El reflejo contra el europeo -sobre todo, si es francés "críptico" (muy "teórico" o "ideológico") o si es "francesita diabólica"- es, en el latinoamericano, una forma de odiar la autonomía individual, y puede que hasta la colectiva. No es el europeo o el francés lo que descalificamos: es la osadía de la voz propia y de la discrepancia, el hecho de "atreverse" a tener personalidad independiente, el no ser un muégano más. Por lo mismo, siempre estamos bien atrincherados en un "nosotros" desde el que tiramos piedras y escondemos la mano, la propia o la de quien nos presta la piedra y al que le hacemos el favor. "Lo nuestro" es echar montón, y la "intelectualidad nostra" no habla, sino que "es hablada". Es el espíritu por el cual habla la raza.
Por lo general, hablamos mal del europeo y su "racionalismo" -frío, cartesiano, tan incapaz de comprendernos en nuestro tropicalismo- de un modo que no usamos contra el estadounidense (siempre lo hemos dicho: es "nuestro" imperio y "Jimmy" Carter, "nuestro" amigo). Vaya reflejo: es el del criollo supuestamente precursor de "nuestra" nacionalidad que se formó en el siglo XVII, que tiene un espíritu muy propio de los Austrias y, claro está, que se encuentra siempre listo para la agresión contra el Borbón, o para sacar el fuero contra un Bonaparte. Es apenas la contraparte del porfiriano que cree que Francia es asunto de perfumes, de salones cortesanos, de sabrá Dios qué Mme de Pompadour y de Belle Epoque, no más. O amamos u odiamos al fantasma que hemos hecho a conveniencia. Es autoengaño, la ignorancia con aires de Felipe II.

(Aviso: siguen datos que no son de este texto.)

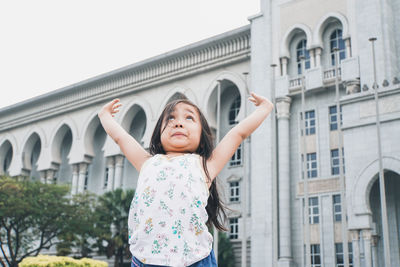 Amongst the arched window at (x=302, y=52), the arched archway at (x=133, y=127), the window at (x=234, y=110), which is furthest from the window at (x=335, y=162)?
the arched archway at (x=133, y=127)

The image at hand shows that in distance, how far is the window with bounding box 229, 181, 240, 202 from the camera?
74.6 feet

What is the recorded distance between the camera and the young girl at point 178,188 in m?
2.29

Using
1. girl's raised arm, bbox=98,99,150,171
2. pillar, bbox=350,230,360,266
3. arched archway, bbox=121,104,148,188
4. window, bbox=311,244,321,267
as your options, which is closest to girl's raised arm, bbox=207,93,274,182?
girl's raised arm, bbox=98,99,150,171

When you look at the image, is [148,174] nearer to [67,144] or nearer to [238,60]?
[238,60]

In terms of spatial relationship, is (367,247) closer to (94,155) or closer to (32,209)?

El fascista, cuando oía la palabra cultura, sacaba el revólver. A nosotros, tan dados al revólver, por lo demás, nos place sacar la cultura -la "nuestra"- a la menor discrepancia o al menor asomo de distancia, al menor atisbo de que pudiéramos haber cometido un pequeño error, o de que alguien pudiera contradecirnos. Se acabó la discusión: en materia de una cultura que entendemos -mal- como asunto racial (aunque algunos piensan que la cosa es de cocina), no hay nada que argumentar. Es tu gusto contra el mío, frío frío, como agua del río, o caliente, como agua de la fuente -sí, Juan Luis Guerra metido a teórico de sabrá Dios qué contracultura. Decirle al otro que es "europeo" es descalificarlo de entrada: no importa "qué" tu sabes; importa, chico, "quién" tu sabes...
Descalificar, vaya, es tenernos en aprecio porque al otro lo despreciamos. Me evalúo y me avalúo porque te devalúo (babalúo ayé...). Yo estoy bien, (porque) tu estás mal. A partir de aquí -sumando a los Austrias este reflejo de clasemediero estadounidense que se siente superior a cualquiera por el simple hecho de fijar el tipo de cambio-, cuando hablamos de iniciativas, de tenerlas para ganar partidas y de calcular para lanzarnos, ya lo hemos dicho todo, con nuestra cultura de notario de puerto bananero metido a rastacuer: yo juego con ventaja o no juego. Le llamamos "margen de maniobra" a este sistemático querer aparecerse a las barajas marcando las cartas, y "cultura" a este modo de ser ventajero, de llegar en bola, de ser mitotero y de no respetar al de la voz. Nos pintamos solos y como montoneros, mientras creemos pintar al otro porque está solo. En la pared.